▶ Your assignment:
Look for the line containing "Muere el caricaturista" in the listing below. Retype that line and every subsequent line through the last one, and only those.
::: Information shown :::
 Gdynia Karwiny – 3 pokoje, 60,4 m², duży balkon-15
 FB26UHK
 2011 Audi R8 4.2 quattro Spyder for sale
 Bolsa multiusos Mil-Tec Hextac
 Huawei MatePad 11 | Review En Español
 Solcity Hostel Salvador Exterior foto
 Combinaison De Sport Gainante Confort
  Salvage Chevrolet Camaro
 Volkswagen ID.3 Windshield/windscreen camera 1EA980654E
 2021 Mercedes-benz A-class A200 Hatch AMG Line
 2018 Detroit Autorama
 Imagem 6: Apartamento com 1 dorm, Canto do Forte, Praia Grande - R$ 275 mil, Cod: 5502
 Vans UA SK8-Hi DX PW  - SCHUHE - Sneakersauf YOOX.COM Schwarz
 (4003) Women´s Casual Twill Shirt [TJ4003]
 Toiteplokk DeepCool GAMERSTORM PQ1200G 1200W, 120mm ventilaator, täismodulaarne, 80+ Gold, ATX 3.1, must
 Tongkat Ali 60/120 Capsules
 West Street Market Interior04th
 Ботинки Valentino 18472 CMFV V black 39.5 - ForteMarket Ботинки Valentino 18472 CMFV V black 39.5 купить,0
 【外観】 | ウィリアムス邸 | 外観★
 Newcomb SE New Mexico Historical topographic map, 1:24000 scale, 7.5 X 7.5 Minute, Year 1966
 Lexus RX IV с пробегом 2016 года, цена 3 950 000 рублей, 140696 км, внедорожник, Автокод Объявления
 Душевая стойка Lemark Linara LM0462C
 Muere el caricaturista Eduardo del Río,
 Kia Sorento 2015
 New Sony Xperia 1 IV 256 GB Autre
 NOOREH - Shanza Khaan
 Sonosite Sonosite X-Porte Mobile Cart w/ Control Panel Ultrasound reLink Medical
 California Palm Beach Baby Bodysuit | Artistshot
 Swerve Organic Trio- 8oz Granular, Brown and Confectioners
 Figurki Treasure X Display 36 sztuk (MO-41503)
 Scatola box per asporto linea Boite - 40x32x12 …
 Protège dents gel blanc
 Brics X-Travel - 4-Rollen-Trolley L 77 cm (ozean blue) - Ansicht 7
:::
▶ Response box:
 Muere el caricaturista Eduardo del Río,
 Kia Sorento 2015
 New Sony Xperia 1 IV 256 GB Autre
 NOOREH - Shanza Khaan
 Sonosite Sonosite X-Porte Mobile Cart w/ Control Panel Ultrasound reLink Medical
 California Palm Beach Baby Bodysuit | Artistshot
 Swerve Organic Trio- 8oz Granular, Brown and Confectioners
 Figurki Treasure X Display 36 sztuk (MO-41503)
 Scatola box per asporto linea Boite - 40x32x12 …
 Protège dents gel blanc
 Brics X-Travel - 4-Rollen-Trolley L 77 cm (ozean blue) - Ansicht 7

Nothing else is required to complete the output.